Paying for tribunals
Despite exceptional delays caused, in most cases, by court challenges to their competence and authority, tribunals of inquiry have done much of what they were asked to do by the Oireachtas. They investigated allegations of political and commercial corruption and found them to be true. New legislation dealing with white-collar crime, corruption and bribery has been agreed in Cabinet. Nobody can be satisfied, however, that matters of “urgent public importance” have taken up to 15 years to resolve.
The financial costs of the Flood/Mahon and Moriarty tribunals are only now emerging and they are expected to greatly exceed earlier estimates. An overall figure of €400 million has been mentioned, with third-party legal costs likely to surpass €100 million. Certain charges will be justified, even as legal bills are successfully challenged. That winnowing process is to be welcomed at a time of continuing austerity and financial crises.

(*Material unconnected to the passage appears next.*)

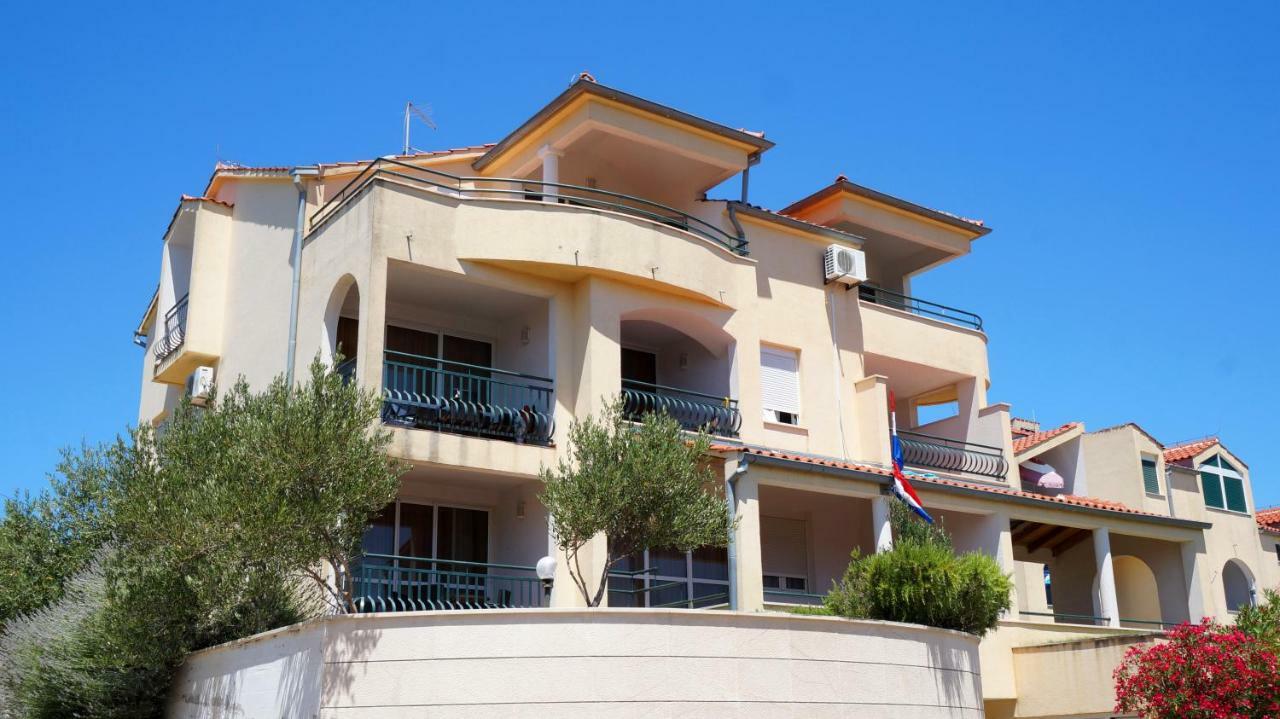 Villa Dvorine Tisno Extérieur photo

If public confidence is to be restored in traditional forms of authority, however, it is vital that those individuals who engaged in, or attempted to conceal, corrupt practices should not escape censure.
Under the Tribunal of Inquiry Act, legal costs may be withheld where there is evidence of “non-co-operation” on behalf of a witness. It is also an offence for a witness to give evidence they know to be false or do not believe to be true. A criminal prosecution in the latter case would require a Garda investigation and proof “beyond a reasonable doubt”. Such prosecutions have not arisen. Findings of corruption against two directors of Joseph Murphy Structural Engineers by the Flood tribunal did, however, lead to them being refused their legal costs on the grounds they had “obstructed and hindered” the tribunal.

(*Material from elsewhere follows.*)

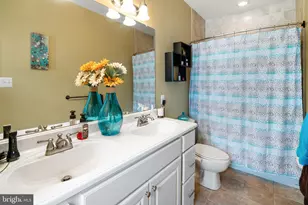 656 N 8th St, Philadelphia, PA 19123 - Photo 12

An appeal to the Supreme Court against this decision was successful on the grounds that hindering and obstructing was a criminal offence over which the tribunal had no authority. The withholding of costs should not have been linked to findings of corruption, the court found, and the directors should have been given notice of the intended ruling. The judges did not say what would constitute “non-cooperation”.

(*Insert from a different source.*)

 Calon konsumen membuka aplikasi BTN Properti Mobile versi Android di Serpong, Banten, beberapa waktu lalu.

Two years have passed since that judgment was delivered. Tribunals have had adequate notice of what is now required in terms of procedure and evidence of “non-co-operation” if legal costs are to be successfully withheld from those wealthy individuals they found to be corrupt. The prospect of criminal prosecutions being initiated appears remote. Great damage was done to Ireland’s international reputation and to public confidence in business and politics during the long years of tribunal investigations. The withholding of legal costs from those at the heart of that carnival of sleaze would represent a minimal penalty.